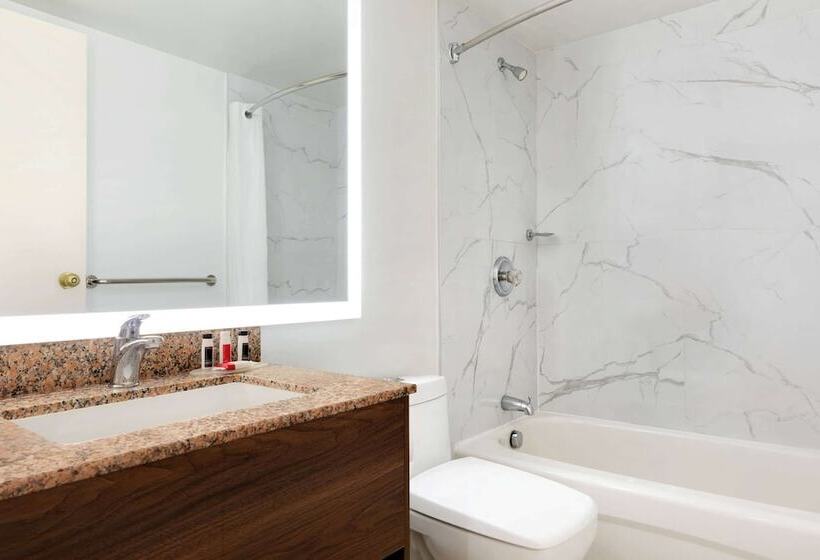 带2个双人床的标准工作室, Ramada By Wyndham Miramichi New Brunswick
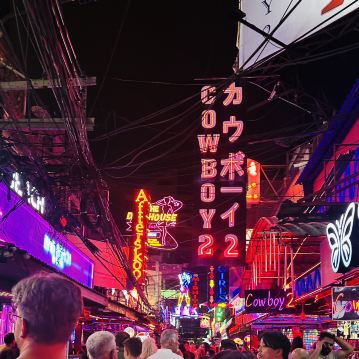 バンコク🇹🇭】タイのナイトライフをちょっと体験！ソイカウボーイ通り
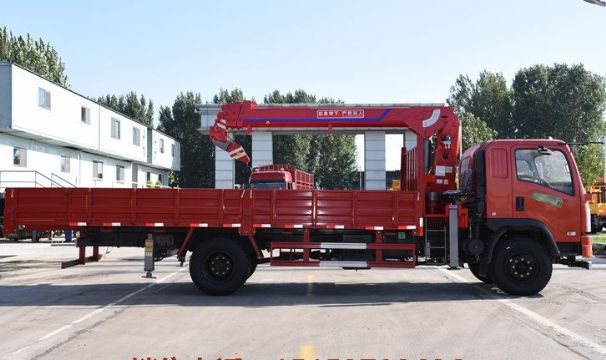 點擊查看詳細信息<br>標題：6.3噸東風160馬力隨車吊 閱讀次數(shù)：1609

_What to work on_
Every line above has to be output exactly; the pictures must be dropped.

_Output for this exercise_
 带2个双人床的标准工作室, Ramada By Wyndham Miramichi New Brunswick
 バンコク🇹🇭】タイのナイトライフをちょっと体験！ソイカウボーイ通り
 點擊查看詳細信息<br>標題：6.3噸東風160馬力隨車吊 閱讀次數(shù)：1609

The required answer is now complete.